Exercise aim: Nothing but the lines from the one containing "Paperback A Piece of Me Book" through the one containing "Feel The Ocean Design Apartamento *", both included, should be given again, each exactly as written below.

Record excerpts:
=== Begin Enclosure ===

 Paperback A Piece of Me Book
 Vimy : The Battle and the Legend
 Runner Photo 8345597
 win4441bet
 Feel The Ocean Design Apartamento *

=== End Enclosure ===
=== Begin Enclosure ===

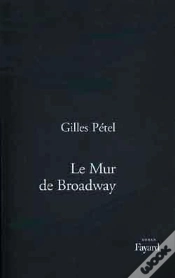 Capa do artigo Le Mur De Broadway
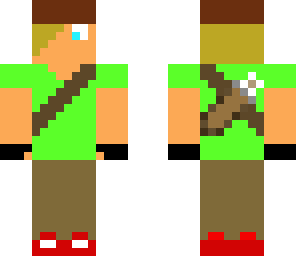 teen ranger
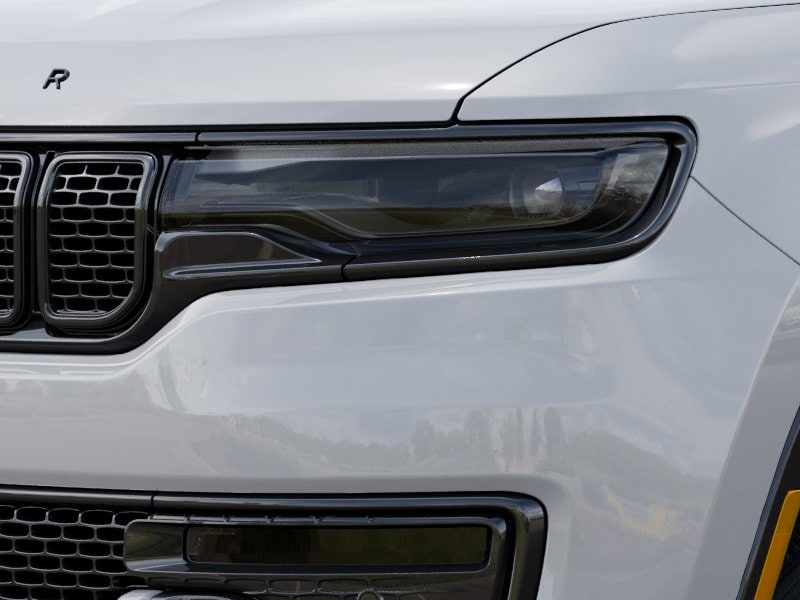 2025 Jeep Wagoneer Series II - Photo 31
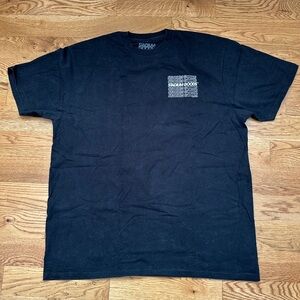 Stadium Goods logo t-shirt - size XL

=== End Enclosure ===

Expected answer:
 Paperback A Piece of Me Book
 Vimy : The Battle and the Legend
 Runner Photo 8345597
 win4441bet
 Feel The Ocean Design Apartamento *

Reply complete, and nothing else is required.